If the “legal burden of proof” defined in the epigraph didn’t already sound sketchy enough, observe that unless a defendant has a prior record of misconduct, no empirical grounds exist even for a judge to decide that there’s a 51% probability that the plaintiff’s telling the truth—other than, perhaps, whatever physical corroboration the plaintiff may provide, which may be none, may be forged, or may be misrepresented.

Restraining order allegations are essentially established (and essential establishment is all that’s required) on the forcefulness of a plaintiff’s claims. The truth or falsity of individual allegations is literally irrelevant (except, of course, to the defendant who has to live with them for the rest or his or her life). A judge isn’t a fact-finder in these cases; s/he’s a bookmaker.

It’s all about the probability that a plaintiff’s claims are more true than false, and the fixer of the odds is a single judge—or at most two.

In other words, the standard “preponderance of the evidence” is hokum.

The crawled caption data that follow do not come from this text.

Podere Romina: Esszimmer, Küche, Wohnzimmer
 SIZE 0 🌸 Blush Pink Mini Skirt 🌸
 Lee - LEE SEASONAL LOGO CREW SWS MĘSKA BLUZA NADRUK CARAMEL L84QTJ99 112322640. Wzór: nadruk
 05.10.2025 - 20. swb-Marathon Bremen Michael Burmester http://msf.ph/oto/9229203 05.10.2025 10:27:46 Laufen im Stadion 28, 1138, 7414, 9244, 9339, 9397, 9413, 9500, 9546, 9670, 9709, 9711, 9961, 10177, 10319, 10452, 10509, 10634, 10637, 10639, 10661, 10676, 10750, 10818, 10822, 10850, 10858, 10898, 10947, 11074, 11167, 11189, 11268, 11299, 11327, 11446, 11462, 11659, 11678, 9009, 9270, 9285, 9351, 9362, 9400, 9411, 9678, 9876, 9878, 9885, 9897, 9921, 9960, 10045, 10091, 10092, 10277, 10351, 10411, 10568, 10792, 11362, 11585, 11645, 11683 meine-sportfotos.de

It’s basically an authorization for a judge to act according to his or her discretion, which is a lofty way of saying that it authorizes a judge to decide however s/he wants. Allegations, including of felony crimes, don’t have to be true, just “truthy.”

If, prior to forming a decision on a restraining order petition, a judge were required to at least meet the defendant; and if it weren’t the case that the judge had likely had it impressed upon him or her that s/he should prejudicially regard the plaintiff’s allegations as true; and if it weren’t the case that societally conditioned expectations urged the same prejudice…then there might be a reasonable hope that a judge could perform the computation required by “preponderance of the evidence” with some degree of accuracy, allowing that a “degree of accuracy” should be acceptably conclusive.

As the procedure exists today, there can be no such reasonable hope.